When you go to the grocery store this time of the year, you’ll find all kind of baking ingredients laying around the store. From sugar cookie mix to baking sodas, flour, pumpkin spice and of course chocolate chips. When I was grocery shopping the other day, I ended up a bunch of chocolate chip bags. So I decided to make this chocolate marshmallow fudge.
This recipe is very simple and easy to make. It would also be a great treat to bring along to a Christmas party.
I got the recipe from allrecipes.com and modified it just a bit. I added some vanilla extract and mini marshmallows. Marshmallows always go well with chocolate, so why not add them to fudge. Right?
I thought this chocolate marshmallow fudge would last at least a week in my fridge, and boy was I wrong. It only lasted 3 days. I was eating 3 or 4 pieces a day with my afternoon coffee.
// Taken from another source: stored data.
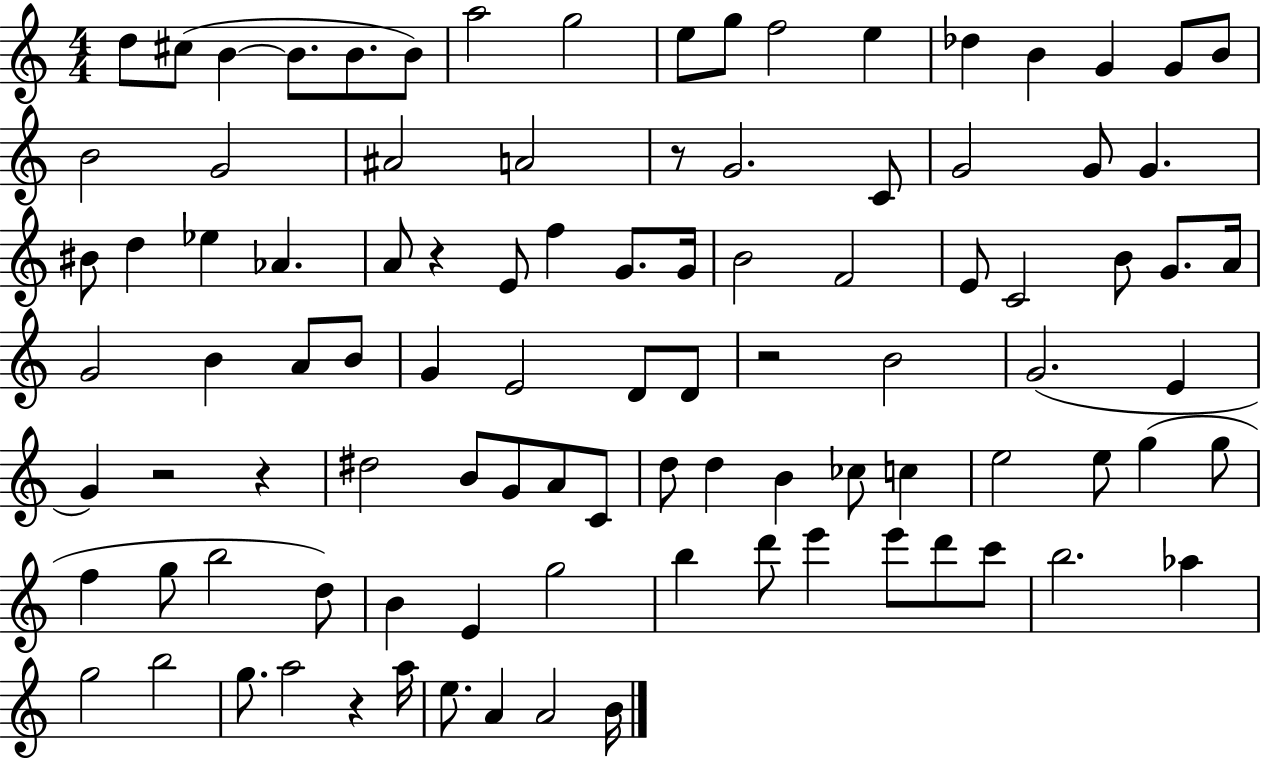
{
  \clef treble
  \numericTimeSignature
  \time 4/4
  \key c \major
  \repeat volta 2 { d''8 cis''8( b'4~~ b'8. b'8. b'8) | a''2 g''2 | e''8 g''8 f''2 e''4 | des''4 b'4 g'4 g'8 b'8 | \break b'2 g'2 | ais'2 a'2 | r8 g'2. c'8 | g'2 g'8 g'4. | \break bis'8 d''4 ees''4 aes'4. | a'8 r4 e'8 f''4 g'8. g'16 | b'2 f'2 | e'8 c'2 b'8 g'8. a'16 | \break g'2 b'4 a'8 b'8 | g'4 e'2 d'8 d'8 | r2 b'2 | g'2.( e'4 | \break g'4) r2 r4 | dis''2 b'8 g'8 a'8 c'8 | d''8 d''4 b'4 ces''8 c''4 | e''2 e''8 g''4( g''8 | \break f''4 g''8 b''2 d''8) | b'4 e'4 g''2 | b''4 d'''8 e'''4 e'''8 d'''8 c'''8 | b''2. aes''4 | \break g''2 b''2 | g''8. a''2 r4 a''16 | e''8. a'4 a'2 b'16 | } \bar "|."
} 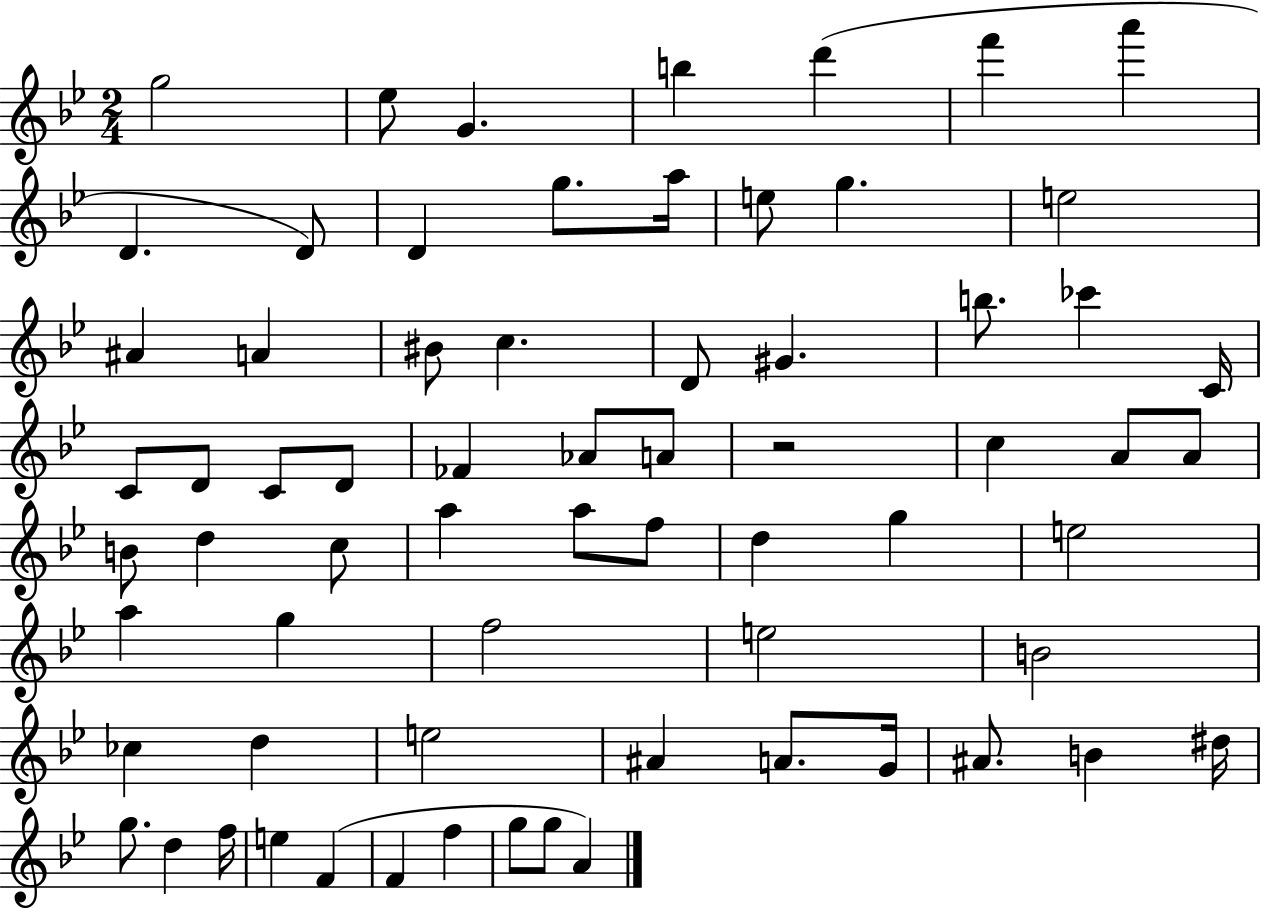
G5/h Eb5/e G4/q. B5/q D6/q F6/q A6/q D4/q. D4/e D4/q G5/e. A5/s E5/e G5/q. E5/h A#4/q A4/q BIS4/e C5/q. D4/e G#4/q. B5/e. CES6/q C4/s C4/e D4/e C4/e D4/e FES4/q Ab4/e A4/e R/h C5/q A4/e A4/e B4/e D5/q C5/e A5/q A5/e F5/e D5/q G5/q E5/h A5/q G5/q F5/h E5/h B4/h CES5/q D5/q E5/h A#4/q A4/e. G4/s A#4/e. B4/q D#5/s G5/e. D5/q F5/s E5/q F4/q F4/q F5/q G5/e G5/e A4/q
I can’t be trusted around chocolate 😛 Then Amir was asking me to make some more as he was eating the last piece. It’s that good!!
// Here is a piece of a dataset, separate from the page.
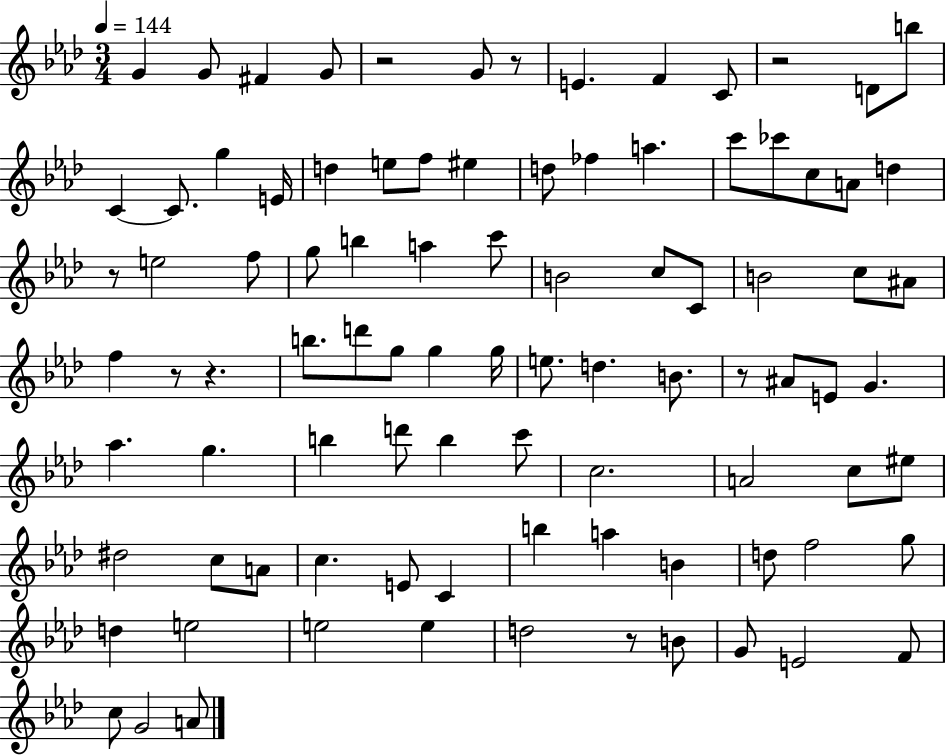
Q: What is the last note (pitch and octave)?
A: A4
So let’s make some fudge. 🙂
Prep time: 10 minutes
Inactive time: 2 hours
Original recipe adopted from allrecipes.com.
3 cups of semisweet chocolate chips
1 (14 ounce) can sweeten condensed milk
1/4 cup of butter (1/2 a stick)
1 teaspoon of vanilla extract
1 cup of mini marshmallows
Place the chocolate chips, sweetened condensed milk, and butter in a large bowl and place over a pot with simmering water. Stir the chocolate mixture with a spatula until melted.
The original recipe uses the microwave to melt the chocolate. You can go either way.
Remove from the heat and mix in the mini marshmallows and vanilla extract.
Here is an added bonus, when you add the marshmallows, some of them will melt because hot chocolate and condensed milk mixture. This will give your fudge a nice marbled look.
- 3 cups of semisweet chocolate chips
- 1 (14 ounce) can sweeten condensed milk
- ¼ cup of butter (1/2 a stick)
- 1 teaspoon of vanilla extract
- 1 cup of mini marshmallows
- Place the chocolate chips, sweetened condensed milk, and butter in a large bowl and place over a pot with simmering water. Stir the chocolate mixture with a spatula until melted.
- Remove from the heat and mix in the mini marshmallows and vanilla extract.
- Pour into a well greased 8×8-inch glass baking dish. Refrigerate for 2 hours or until it’s set.
- Once it's set, cut the chocolate marshmallow fudge into bite size pieces, store in the fridge or enjoy right away.